**WORK INSTRUCTION:**
Of all the lines in the entries below, give again exactly those starting at the line containing "Products that protect" and ending at the line containing "Neutralyze Acne Wash", both ends included, and no others.

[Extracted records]
============================================================
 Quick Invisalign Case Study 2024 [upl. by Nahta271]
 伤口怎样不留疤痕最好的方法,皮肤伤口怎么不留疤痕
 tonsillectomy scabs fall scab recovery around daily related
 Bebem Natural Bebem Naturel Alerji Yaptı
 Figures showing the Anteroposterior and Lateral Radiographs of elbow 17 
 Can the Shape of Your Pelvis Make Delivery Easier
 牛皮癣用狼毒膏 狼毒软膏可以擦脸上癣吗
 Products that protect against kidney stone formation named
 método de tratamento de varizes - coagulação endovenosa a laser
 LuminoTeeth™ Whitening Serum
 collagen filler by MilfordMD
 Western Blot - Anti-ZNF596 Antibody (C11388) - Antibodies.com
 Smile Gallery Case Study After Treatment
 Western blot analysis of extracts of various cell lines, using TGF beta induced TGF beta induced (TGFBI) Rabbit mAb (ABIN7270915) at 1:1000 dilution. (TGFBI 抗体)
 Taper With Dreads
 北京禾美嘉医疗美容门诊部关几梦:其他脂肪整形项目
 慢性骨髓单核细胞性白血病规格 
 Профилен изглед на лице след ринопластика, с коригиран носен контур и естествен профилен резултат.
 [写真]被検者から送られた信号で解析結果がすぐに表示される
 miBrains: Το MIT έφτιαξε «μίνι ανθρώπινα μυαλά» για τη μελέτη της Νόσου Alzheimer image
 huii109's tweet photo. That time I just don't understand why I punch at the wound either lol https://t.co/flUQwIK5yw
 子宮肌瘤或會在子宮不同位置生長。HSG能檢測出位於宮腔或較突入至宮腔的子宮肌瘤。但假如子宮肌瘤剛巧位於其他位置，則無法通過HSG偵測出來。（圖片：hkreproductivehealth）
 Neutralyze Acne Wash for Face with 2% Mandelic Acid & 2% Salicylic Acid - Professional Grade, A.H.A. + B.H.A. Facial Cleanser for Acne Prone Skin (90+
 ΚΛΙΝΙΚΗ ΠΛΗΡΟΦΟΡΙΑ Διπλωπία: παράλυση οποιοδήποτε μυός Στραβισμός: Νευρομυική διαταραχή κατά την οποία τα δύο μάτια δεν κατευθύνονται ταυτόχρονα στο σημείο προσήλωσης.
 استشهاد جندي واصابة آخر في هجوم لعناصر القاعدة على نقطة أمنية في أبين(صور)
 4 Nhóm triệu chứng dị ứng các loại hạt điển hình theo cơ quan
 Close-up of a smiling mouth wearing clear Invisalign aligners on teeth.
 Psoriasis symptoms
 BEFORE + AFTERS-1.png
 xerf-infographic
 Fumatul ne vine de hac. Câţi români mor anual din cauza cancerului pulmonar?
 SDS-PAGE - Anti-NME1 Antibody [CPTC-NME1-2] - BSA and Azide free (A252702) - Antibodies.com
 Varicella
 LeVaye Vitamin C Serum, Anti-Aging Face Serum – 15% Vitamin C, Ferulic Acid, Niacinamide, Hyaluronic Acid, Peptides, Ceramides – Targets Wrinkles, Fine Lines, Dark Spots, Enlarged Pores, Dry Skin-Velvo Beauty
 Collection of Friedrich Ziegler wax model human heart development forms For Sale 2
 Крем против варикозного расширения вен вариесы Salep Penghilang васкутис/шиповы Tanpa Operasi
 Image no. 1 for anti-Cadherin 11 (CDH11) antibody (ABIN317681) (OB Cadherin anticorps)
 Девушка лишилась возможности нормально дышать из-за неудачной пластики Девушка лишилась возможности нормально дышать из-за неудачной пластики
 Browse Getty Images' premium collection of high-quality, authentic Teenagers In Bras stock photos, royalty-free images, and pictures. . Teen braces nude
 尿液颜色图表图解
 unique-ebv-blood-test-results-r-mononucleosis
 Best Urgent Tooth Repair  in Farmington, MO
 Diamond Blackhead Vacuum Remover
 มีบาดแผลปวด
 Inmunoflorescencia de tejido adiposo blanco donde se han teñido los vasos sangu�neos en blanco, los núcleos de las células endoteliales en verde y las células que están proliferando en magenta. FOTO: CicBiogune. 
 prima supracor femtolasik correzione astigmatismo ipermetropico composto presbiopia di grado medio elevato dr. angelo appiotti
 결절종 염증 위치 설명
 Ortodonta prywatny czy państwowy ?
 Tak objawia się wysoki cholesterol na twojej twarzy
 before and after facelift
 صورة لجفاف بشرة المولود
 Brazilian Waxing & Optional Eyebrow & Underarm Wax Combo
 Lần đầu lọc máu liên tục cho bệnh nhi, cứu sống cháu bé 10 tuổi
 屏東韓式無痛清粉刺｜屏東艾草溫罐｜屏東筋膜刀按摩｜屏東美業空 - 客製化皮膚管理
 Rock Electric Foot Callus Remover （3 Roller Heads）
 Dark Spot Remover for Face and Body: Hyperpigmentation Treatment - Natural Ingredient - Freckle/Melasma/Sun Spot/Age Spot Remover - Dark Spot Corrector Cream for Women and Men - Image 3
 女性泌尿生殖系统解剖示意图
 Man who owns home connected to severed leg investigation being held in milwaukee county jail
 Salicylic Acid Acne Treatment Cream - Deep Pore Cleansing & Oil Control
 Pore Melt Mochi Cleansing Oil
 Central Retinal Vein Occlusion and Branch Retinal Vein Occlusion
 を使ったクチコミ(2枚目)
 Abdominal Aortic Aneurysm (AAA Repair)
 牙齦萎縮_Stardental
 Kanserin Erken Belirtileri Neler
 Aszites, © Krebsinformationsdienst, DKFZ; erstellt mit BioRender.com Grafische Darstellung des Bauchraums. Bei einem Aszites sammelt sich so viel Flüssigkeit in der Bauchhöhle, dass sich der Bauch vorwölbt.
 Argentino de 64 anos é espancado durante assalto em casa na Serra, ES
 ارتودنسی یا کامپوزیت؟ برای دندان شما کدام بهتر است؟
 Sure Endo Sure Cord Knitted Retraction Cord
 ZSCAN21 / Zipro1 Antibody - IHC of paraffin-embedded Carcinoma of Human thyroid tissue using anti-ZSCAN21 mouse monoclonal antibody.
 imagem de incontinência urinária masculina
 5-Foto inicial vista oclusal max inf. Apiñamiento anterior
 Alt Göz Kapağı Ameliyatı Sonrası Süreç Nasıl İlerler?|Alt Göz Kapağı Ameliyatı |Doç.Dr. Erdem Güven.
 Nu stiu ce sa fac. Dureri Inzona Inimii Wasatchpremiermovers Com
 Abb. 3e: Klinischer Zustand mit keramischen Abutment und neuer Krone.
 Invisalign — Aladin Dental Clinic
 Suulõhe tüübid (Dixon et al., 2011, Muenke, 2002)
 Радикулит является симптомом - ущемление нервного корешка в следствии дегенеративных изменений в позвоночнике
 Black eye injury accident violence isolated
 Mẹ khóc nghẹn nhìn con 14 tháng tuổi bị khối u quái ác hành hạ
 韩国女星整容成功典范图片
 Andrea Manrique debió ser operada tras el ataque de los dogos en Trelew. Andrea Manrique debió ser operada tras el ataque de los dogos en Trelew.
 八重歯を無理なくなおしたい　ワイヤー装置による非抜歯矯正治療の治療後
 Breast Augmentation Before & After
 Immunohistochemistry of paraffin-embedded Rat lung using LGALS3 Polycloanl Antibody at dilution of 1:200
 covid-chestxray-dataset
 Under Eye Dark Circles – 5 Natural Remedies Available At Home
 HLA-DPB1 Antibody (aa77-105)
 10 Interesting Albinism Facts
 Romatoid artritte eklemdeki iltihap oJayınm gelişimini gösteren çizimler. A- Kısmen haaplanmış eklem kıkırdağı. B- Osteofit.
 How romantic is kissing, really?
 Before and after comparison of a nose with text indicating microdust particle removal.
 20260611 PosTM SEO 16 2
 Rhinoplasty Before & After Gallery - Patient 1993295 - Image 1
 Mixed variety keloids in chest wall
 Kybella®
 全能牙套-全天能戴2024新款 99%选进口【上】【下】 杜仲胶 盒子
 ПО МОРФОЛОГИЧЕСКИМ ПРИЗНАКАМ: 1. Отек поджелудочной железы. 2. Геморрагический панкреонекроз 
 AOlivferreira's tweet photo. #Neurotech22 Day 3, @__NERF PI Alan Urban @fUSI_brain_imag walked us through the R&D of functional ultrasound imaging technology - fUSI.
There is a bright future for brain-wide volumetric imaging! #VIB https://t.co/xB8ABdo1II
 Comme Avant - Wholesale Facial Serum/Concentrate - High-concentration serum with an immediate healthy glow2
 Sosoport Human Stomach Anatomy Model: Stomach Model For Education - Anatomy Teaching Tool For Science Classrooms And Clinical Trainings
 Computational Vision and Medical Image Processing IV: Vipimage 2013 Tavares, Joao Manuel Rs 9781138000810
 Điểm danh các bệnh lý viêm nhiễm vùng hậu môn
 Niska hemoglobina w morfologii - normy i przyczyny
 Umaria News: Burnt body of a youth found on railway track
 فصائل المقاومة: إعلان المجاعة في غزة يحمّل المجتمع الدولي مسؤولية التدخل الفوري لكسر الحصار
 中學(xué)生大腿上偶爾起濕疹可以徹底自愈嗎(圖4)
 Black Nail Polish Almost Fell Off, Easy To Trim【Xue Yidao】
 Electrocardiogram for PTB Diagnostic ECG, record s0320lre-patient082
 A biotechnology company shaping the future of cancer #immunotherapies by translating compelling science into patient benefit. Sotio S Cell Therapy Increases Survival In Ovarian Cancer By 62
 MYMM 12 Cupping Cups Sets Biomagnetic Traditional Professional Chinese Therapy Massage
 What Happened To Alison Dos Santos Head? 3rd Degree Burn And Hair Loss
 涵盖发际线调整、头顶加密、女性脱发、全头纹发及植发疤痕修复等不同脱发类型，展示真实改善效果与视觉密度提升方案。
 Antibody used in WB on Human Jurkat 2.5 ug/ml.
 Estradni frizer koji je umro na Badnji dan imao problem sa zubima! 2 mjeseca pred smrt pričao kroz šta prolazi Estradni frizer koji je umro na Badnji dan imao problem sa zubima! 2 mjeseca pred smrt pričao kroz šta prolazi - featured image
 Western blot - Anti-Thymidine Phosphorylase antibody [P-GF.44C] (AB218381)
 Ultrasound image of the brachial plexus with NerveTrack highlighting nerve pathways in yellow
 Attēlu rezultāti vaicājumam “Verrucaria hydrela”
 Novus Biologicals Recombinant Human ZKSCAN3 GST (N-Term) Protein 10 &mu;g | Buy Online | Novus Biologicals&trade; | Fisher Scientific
============================================================
**RESULT OF THE TASK:**
 Products that protect against kidney stone formation named
 método de tratamento de varizes - coagulação endovenosa a laser
 LuminoTeeth™ Whitening Serum
 collagen filler by MilfordMD
 Western Blot - Anti-ZNF596 Antibody (C11388) - Antibodies.com
 Smile Gallery Case Study After Treatment
 Western blot analysis of extracts of various cell lines, using TGF beta induced TGF beta induced (TGFBI) Rabbit mAb (ABIN7270915) at 1:1000 dilution. (TGFBI 抗体)
 Taper With Dreads
 北京禾美嘉医疗美容门诊部关几梦:其他脂肪整形项目
 慢性骨髓单核细胞性白血病规格 
 Профилен изглед на лице след ринопластика, с коригиран носен контур и естествен профилен резултат.
 [写真]被検者から送られた信号で解析結果がすぐに表示される
 miBrains: Το MIT έφτιαξε «μίνι ανθρώπινα μυαλά» για τη μελέτη της Νόσου Alzheimer image
 huii109's tweet photo. That time I just don't understand why I punch at the wound either lol https://t.co/flUQwIK5yw
 子宮肌瘤或會在子宮不同位置生長。HSG能檢測出位於宮腔或較突入至宮腔的子宮肌瘤。但假如子宮肌瘤剛巧位於其他位置，則無法通過HSG偵測出來。（圖片：hkreproductivehealth）
 Neutralyze Acne Wash for Face with 2% Mandelic Acid & 2% Salicylic Acid - Professional Grade, A.H.A. + B.H.A. Facial Cleanser for Acne Prone Skin (90+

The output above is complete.